January 11, 2017

The Death Star

Last Sunday treated us to a picture-perfect Santa Monica day.

We were there helping investor-relations folks at the NIRI Fundamentals conference understand the stock market.

Of it, you probably won’t say to your CFO, “I bet you have no idea how our stock trades.” But it’s bad news if you’re asked by the CFO and have no answer.

So let’s talk about the Death Star. That’s what the industry bemusedly calls today’s trading environment.  The stock market is not at the corner of Broad and Wall or in the heart of Times Square.  It’s in New Jersey on banks of computers at several massive colocation facilities connected by superfast telecommunications infrastructure.

DeathStar

The Death Star (courtesy IEX, T Rowe Price)

The three big exchange groups today each operate four stock markets on those giant computer arrays. Suppose Nordstrom ran four stores in the mall rather than one. We’d think: “Why don’t they put the stuff in one place so customers can easily find it?”

Good question. We’ll answer it in a moment.

BATS Global Inc. is the largest stock exchange in the US now by market-share with its four platforms. Yet it lists only its own shares and exchange-traded funds. ETF trading is good business.

At two of them, traders are paid to buy shares, and at the other two they’re paid to sell (fees differ). This paying traders to buy or sell is called Maker-Taker/Taker-Maker.  Now, the Chicago Board Options Exchange is buying BATS Global.

The Nasdaq also pays traders one place to sell and pays them another place to buy. The Nasdaq is the largest options-market operator. Now the Nasdaq and the CBOE will both run large options/equities trading complexes with fees and credits that encourage traders to do opposite things in different spots, which is arbitrage.

The NYSE is owned by Intercontinental Exchange, and equity trading and listing are fragments of a global revenue colossus in derivatives helping financial players manage risk. ICE is also a huge technology and data purveyor.

By operating multiple platforms, the exchanges can set the best bid or offer, the market’s singular entry point, more often.  Each market then has unique data to sell to brokers and other exchanges, which in turn are required by rule to prove they’re giving customers the best prices – which means they have to buy the data.

There’s your answer. Exchanges operate multiple markets because they make money by changing the prices of everything and encouraging profits on differences. By promoting the arbitrage that vexes you in the IR chair, they sell data and technology.

The only exchange solely offering equity trading and listing that’s not intertwined with derivatives and influenced by trading incentives to set the bid and ask is the newest, IEX.  For our view on IEX and much more, catch the Chicago NIRI chapter’s webcast Friday.

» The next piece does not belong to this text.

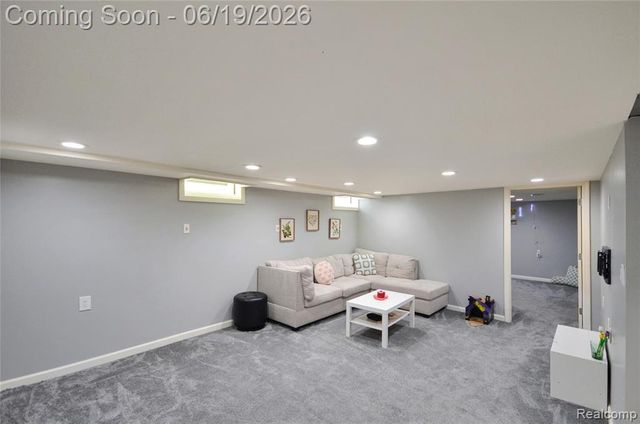 37653 Longacre Drive, Sterling Heights, MI 48312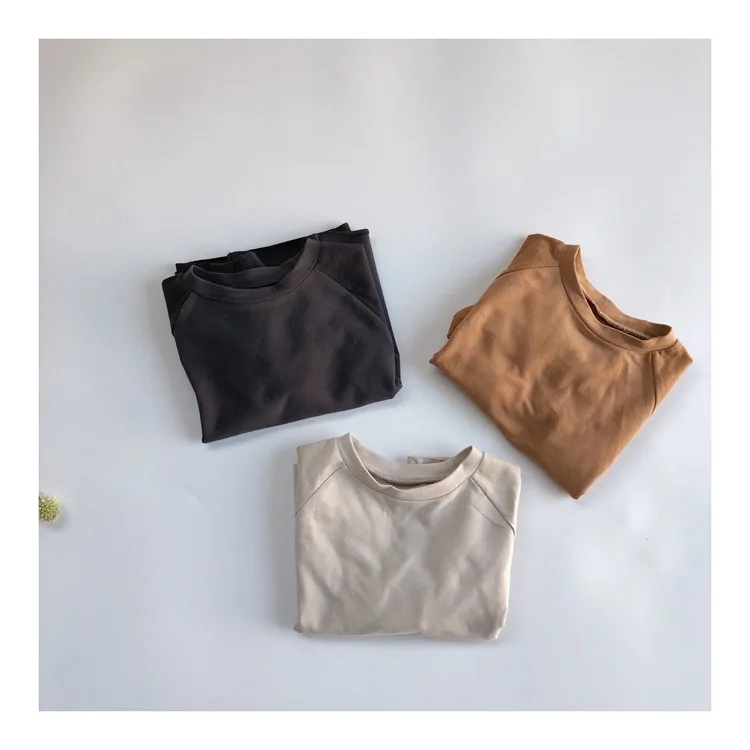 Children's wear Spring and Autumn 2022 New style boys' loose edge solid color long sleeve T-shirt girls' bottoming shirt top
Children's wear Spring and Autumn 2022 New style boys' loose edge solid color long sleeve T-shirt girls' bottoming shirt top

The starting point for understanding any business is recognizing how it makes money.  The Death Star is an inferior capital-raising mechanism (it could be good again with rule-changes issuers should push).  Today, companies like Uber and Facebook grow giant on private equity and use the public market as an exit strategy.

Microsoft and Intel were like reality TV for stocks, taking everyday investors on the long and exciting process of growing in public for all to see and own. We can quibble over causality for this divergence. Our systems monitor the Death Star. It favors trading.

When you understand the Death Star, you arrive at this sort of answer for the CFO: “Since investors and traders can only trade at the best price, our price is most times set by the fastest machines. The big exchanges pay them to set the price so they have price-setting data to sell. They also encourage customers to engage in arbitrage.

“Occasionally active investors shoulder through the arbitrage.  Waves of asset-allocation flows can dominate.  A lot of the time derivatives lead because everybody is focused on managing risk, and in that process short-term divergences develop, which can be traded for profit. And this is why you need an IR professional more than ever.  Somebody has got to understand the Death Star.”

It’s easier to say, “I’m not sure but our story is central.”  It’s just not true most times.

Every IR gal or guy faces this moment of truth: Do I mail in the pat answer, or do I assail the battlements of convention and learn about the Death Star?

You can change your stars, as the Heath Ledger movie A Knight’s Tale asserts. Consistent metrics resonate with executives. If last week Active money led and Sentiment was Neutral, 5.0/10.0, and short volume was down, driving gains, they’ll want to know how those metrics changed this week. Measure and report.

They’ll look to you for the next episode of Star Wars, so to speak. That beats watching the stock or getting sent by them on wild goose chases for answers.  Embrace the change.

Speaking of change, we plan to launch in coming weeks daily sector reports highlighting key metrics – Sentiment, Key Behavior, Short Volume, etc. – for the eleven big industry classifications so you can see what’s happening in your group and how you compare.